Expectations are high but many experts stress that despite the billions of euros that Europe is ready to inject into particular projects in Africa, there are many factors showing that tackling the root causes of migration there will be a huge challenge.

Europe is still struggling to find an effective response to the refugee crisis, the greatest challenge for the European Union in its history.

However, with the rise of far right parties in many member states, it is still very unclear if the EU is capable of implementing lasting and common asylum reforms. At the heart of the crisis management is the EU Commissioner for Migration and Home Affairs, Mr Dimitris Avramopoulos.

Efi Koutsokosta, euronews:

“Commissioner, now we have a summit, Wednesday and Thursday in Valletta, the Maltese capital. What are your expectations for this summit?”

Dimitris Avramopoulos:

“First of all, to share a common understanding of the situation, as far as the refugee crisis is concerned, and the migration problem. The African countries must understand that as long as our aid in development terms is continuing, at the same time we need their support and their help in order to manage the migration problem.

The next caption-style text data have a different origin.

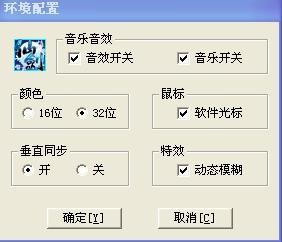 仙三窗口化,仙剑三手游窗口模式设置与高效玩法攻略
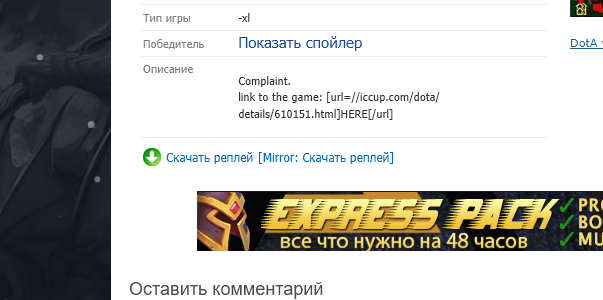 2026 01 18 20 17 31 png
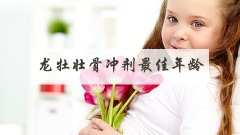 龙牡壮骨冲剂最佳年龄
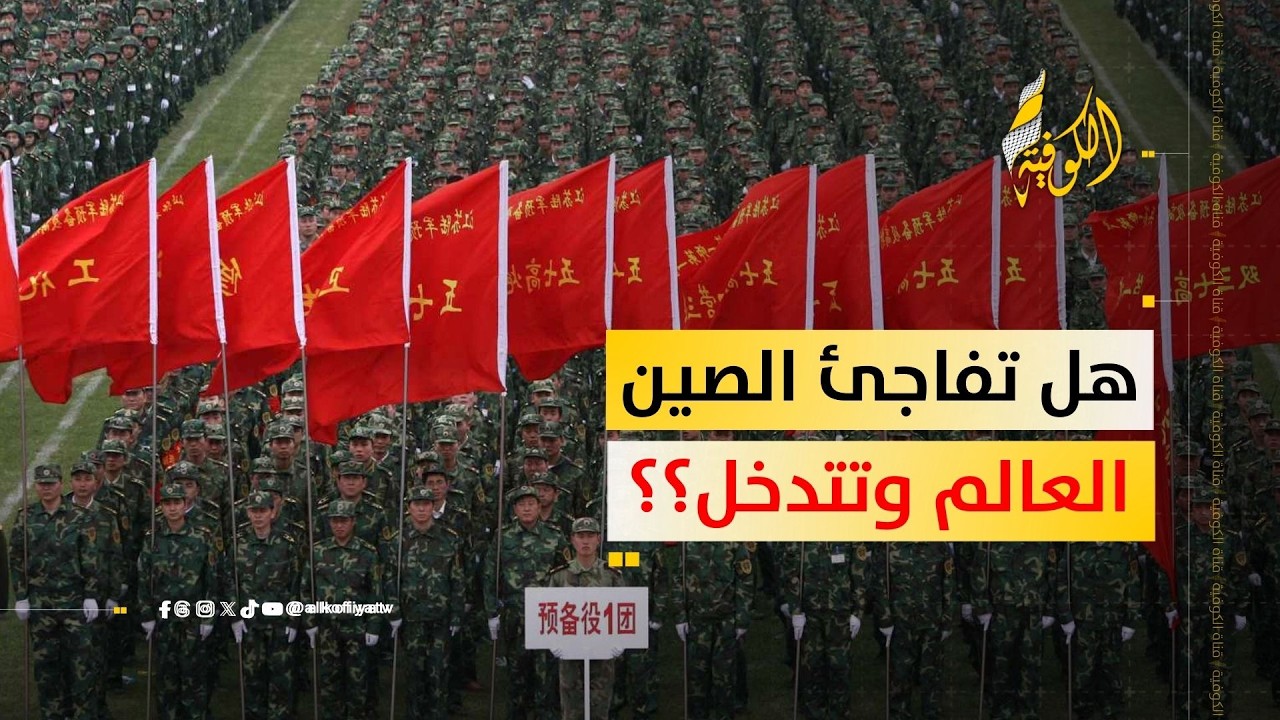 هل تبقى الصين في الظل أم تدخل على الخط بقوة؟؟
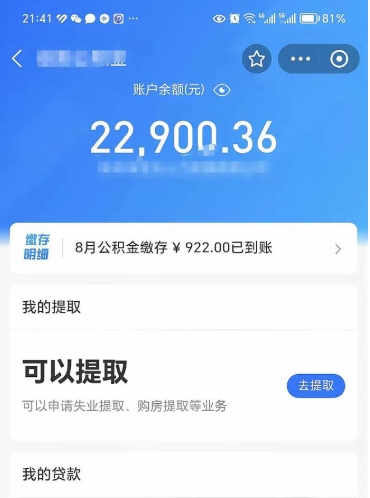 涟源封存后如何取钞公积金（封存状态的公积金怎么取）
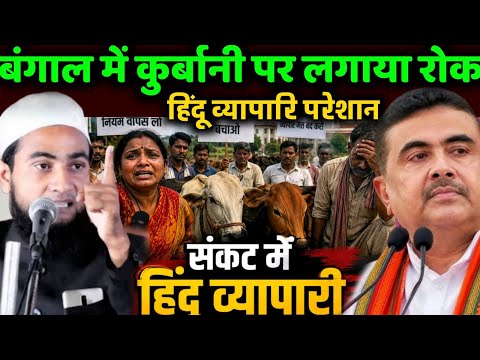 बंगाल में कुर्बानी पर गाय नहीं कटेगी | Maulana Abdullah Salim Chaturvedi speech | बंगाल मवेशी हाट ||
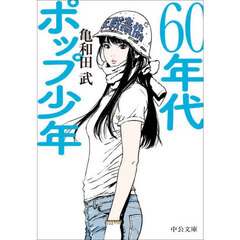 ６０年代ポップ少年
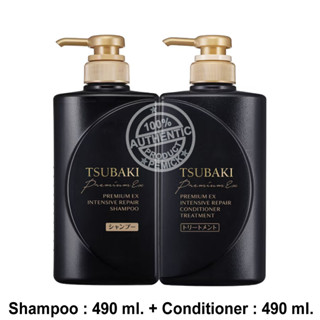 (แพ็คคู่) Tsubaki Premium Ex Intensive Repair Shampoo and Conditioner Treatment 490 มล. ซึบากิพรีเมียมอีเอ็กซ์อินเทนซีฟร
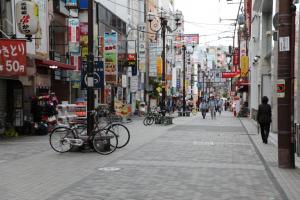 kouya namba 194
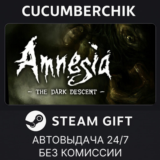 Amnesia: The Dark Descent✅STEAM GIFT AUTO✅RU/УКР/КЗ/СНГ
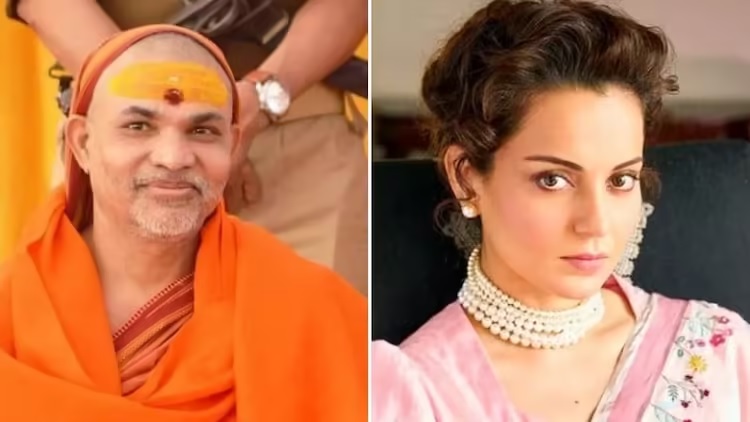 Kangana Ranaut get angry at Shankaracharya's statement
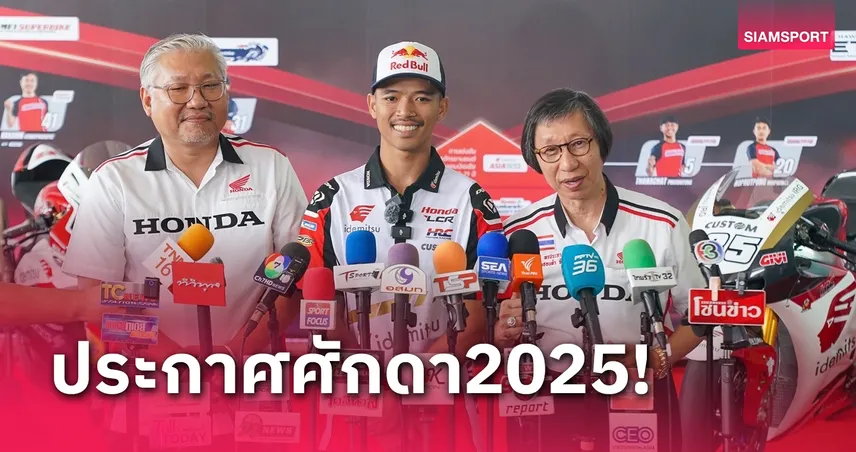 ไทยฮอนด้าประกาศแผนงานปี 2025 ส่ง "ก้อง" ลุยโมโตจีพีสร้างนักแข่งเจนฯใหม่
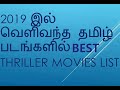 Top 10 Tamil Crime Thriller Film of 2019 - Must watch movies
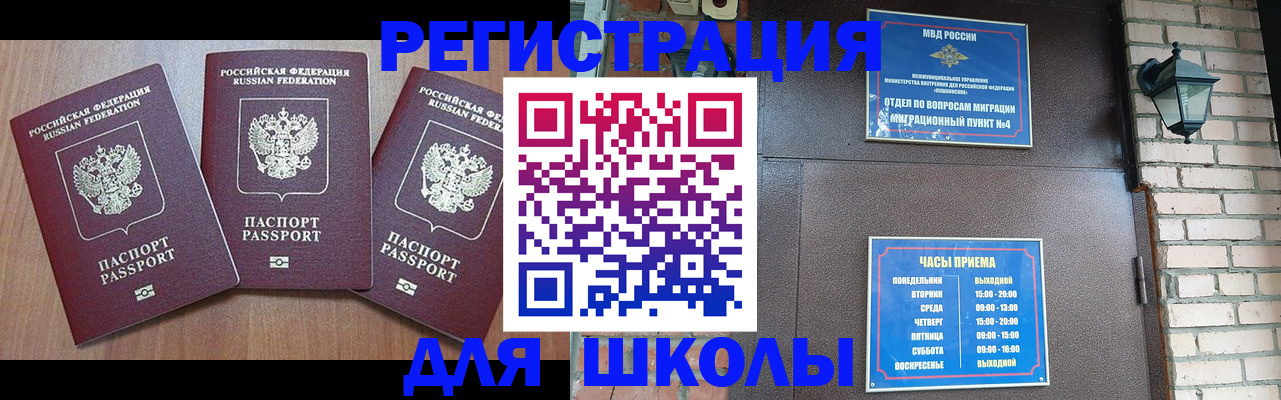 временная прописка в Опочке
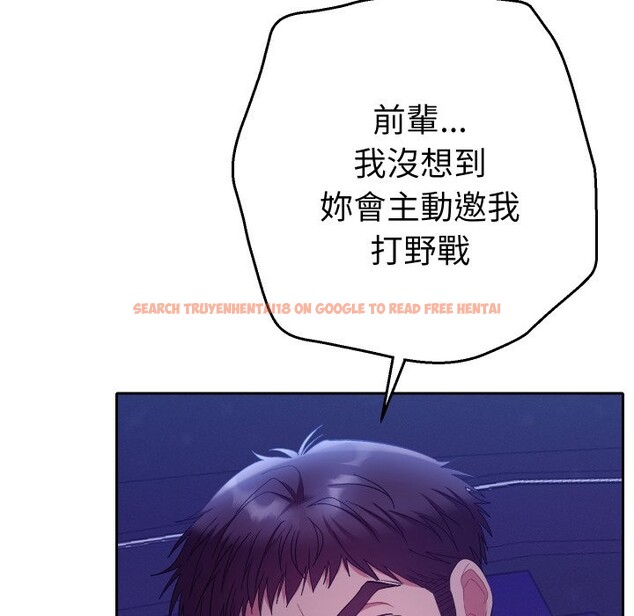 查看漫画她們教會我的事/全員交往中 - 第20話 - tymanga.com中的4244456图片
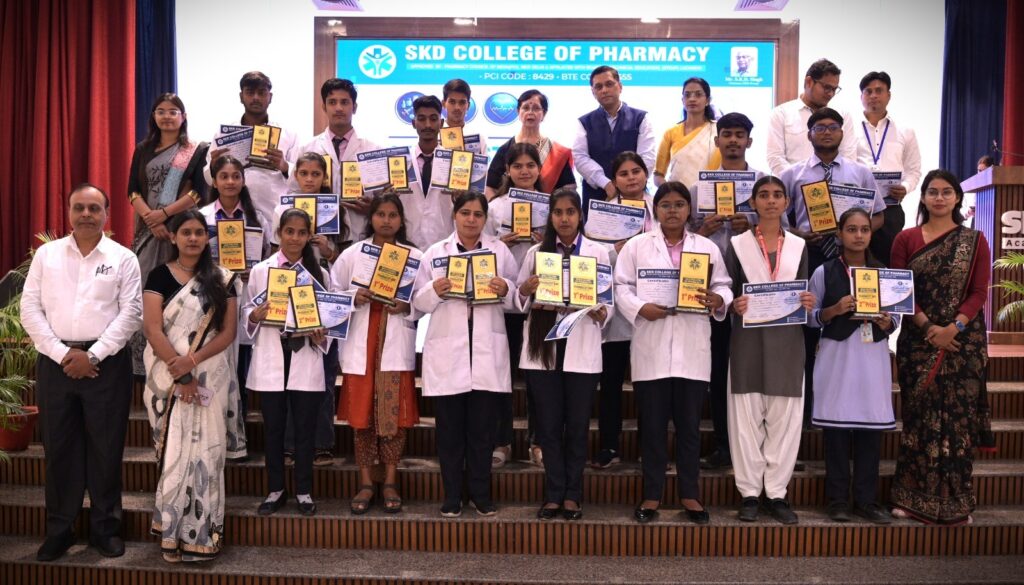 SKD College of Pharmacy में सप्ताह भर चली गतिविधियों के साथ विश्व फार्मासिस्ट दिवस का आयोजन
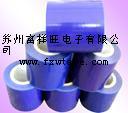 北京無(wú)錫藍(lán)色保護(hù)膜低粘藍(lán)色保護(hù)圖片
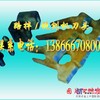 厂家供应路面铣刨机、宝马机刀头、刀库。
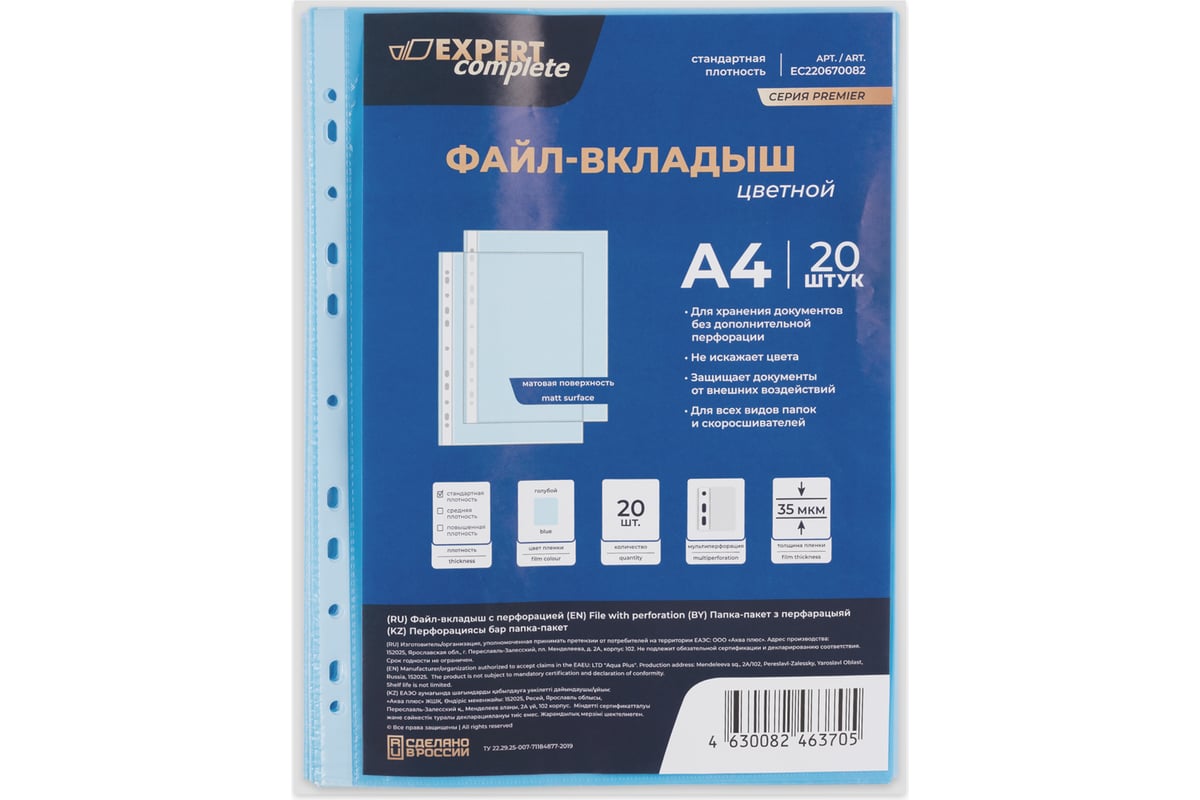 Файл-вкладыш Expert Complete Premier цветной, A4, 20 шт., 35 мкм, матовый  голубой 722947 - выгодная цена, отзывы, характеристики, фото - купить в  Москве и РФ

They have to accept returns to their countries, and of course to work together in order to create legal ways for the ones who want to come to Europe. By the way, I want to make an announcement today: during the first two months of next year, the commission is going to present, they are working very hard with my people, a full, comprehensive proposal for legal migration. One thing is for sure, let me be clear on this: Europe will need migrants in the future.”

euronews:

“We know that some 147 people have been relocated in the less than two months of the relocation scheme and quota system. Isn’t this a very small number? Are you sure that it is still realistic to target the relocation of 160,000 people over the next two years?”

Dimitris Avramopoulos:

“There is little doubt that the numbers are very, very small. but it was just the beginning. As you know, we had the very first relocation operation from Italy, one month ago, and from Athens two weeks ago. It is, I would say, like a start-up. We have a long way to run in order to say that we are satisfied. I believe that as long as we move ahead, and from the moment that all member states decide to be part of this relocation scheme and project, things will be better.”

euronews:

“But many of them are not responding!”

Dimitris Avramopoulos:

“Only 12 countries so far have accepted to be part of it. So, things have started changing: the climate is more positive and I believe at the end everyone will accept to have refugees relocated in their countries.”

euronews:

“Is this number realistic,160,000 people? Over the next two years?

Dimitris Avramopoulos:

“It can become so. It can become, but as I said, we didn’t start well. and I said it, I was very open, that I was not happy with the first numbers, but the system, the program must start functioning.”

euronews:

“Let’s go now to the other ambitious plan of the commission, which are the hotspots which could help manage the huge flow of migrants and refugees. Many people in the field, especially in the Greek islands, say that this hotspot idea doesn’t work, at least for now. So is Greece prepared to look after all these refugees over the winter, because winter is coming?”

Dimitris Avramopoulos:

“The relocations cannot work without the hotspots, so it’s good to know that the hotspots in Lesbos, in many other parts of Europe are there to assess all cases – and not keep people on the island more than 24 hours. Then they will be transfered to the mainland and from there to the other member states.”

euronews:

“So you say that Greece will be prepared by the end of the month with all these procedures?

Dimitris Avramopoulos:

“It’s a commitment, and believe me, during the last two months, I’m in the position to know, things are moving faster in Greece!”

euronews:

“Are you optimistic for the outcome of the Valletta summit?”

Dimitris Avramopoulos:

“You have to be optimistic in these kinds of matters! It’s a unique opportunity right now to talk frankly! Let’s hope it will not be one more summit where everybody talks and then they go back home without having done anything!”